A week ago, Khari and I walked the hillsides surrounding Alhambra. He had told me an interesting story: A man goes to a spiritual healer because he feels lost. The spiritual healer tasked him with going into the wilderness and observing the various birds. He agrees. Out there he took note of a lone hawk swooping down at prey. There was a flock of ducks flying east. He goes on until he stumbles across two swans bathing by one another. There were eventually too many birds to account for. He returns, not feeling any better. I don’t get it, he says to the healer. To which, the healer says: The birds are like people except they know their roles in life. In your life it’s up to you figure out what kind of bird you are, and then you’ll know your place and purpose. Are you one that sticks to a flock? Are you a lone hunter? Or are you meant to find one other bird?
I had thought I was one of those monogamous birds that sticks with their partner for the rest of their life. But maybe I’m meant to just do my own thing… I always thought it was because I have a lot of love in me, I can provide a lot of love to someone else. But when you have a lot of love, you have a lot of hate haha. Maybe I meant to love a lot of people. Different friends, family, a partner, strangers, and so on, and then distribute some hate throughout them! No, that sounds miserable. Sometimes I want to mitigate my interaction with the world for the fear I’ll simply ruin another person’s life. The idea of hurting another girl horrifies me. I’m terrified of that first argument, of losing control…

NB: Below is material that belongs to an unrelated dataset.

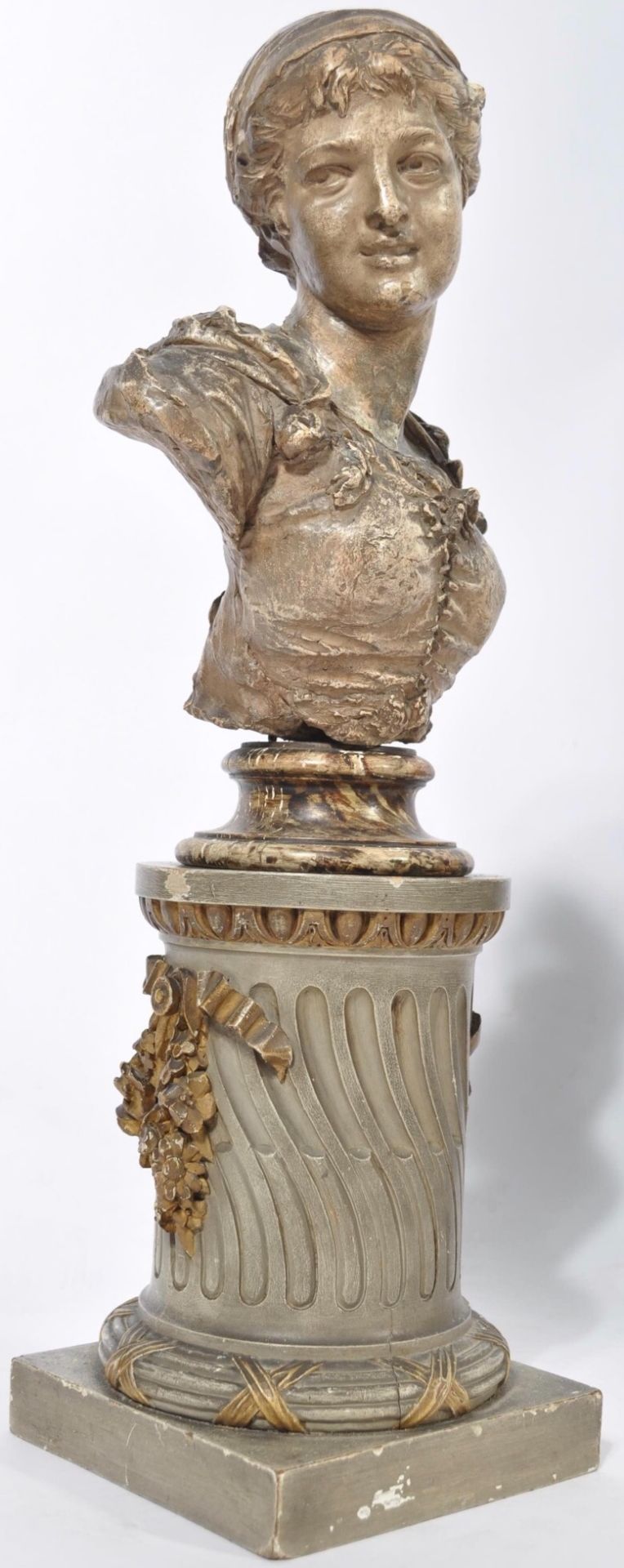 A C19th painted plaster bust on a painted carved wooden plinth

One cannot be non-participatory in life; one should live their life to the fullest extent, and that means going through the fears… I think I fear my masculinity. I need to confront it. It’s strange I picked up the book Amateur randomly from a book drive –something drew me to it. And it’s exactly about confronting masculinity except from a trans-man’s perspective as he enters the world of boxing. Very interesting stuff.
I fell asleep after seeing old friends. Sacramento felt like a place for people who prefer to be in flocks. It was nice to experience that, but I don’t think that’s who I am?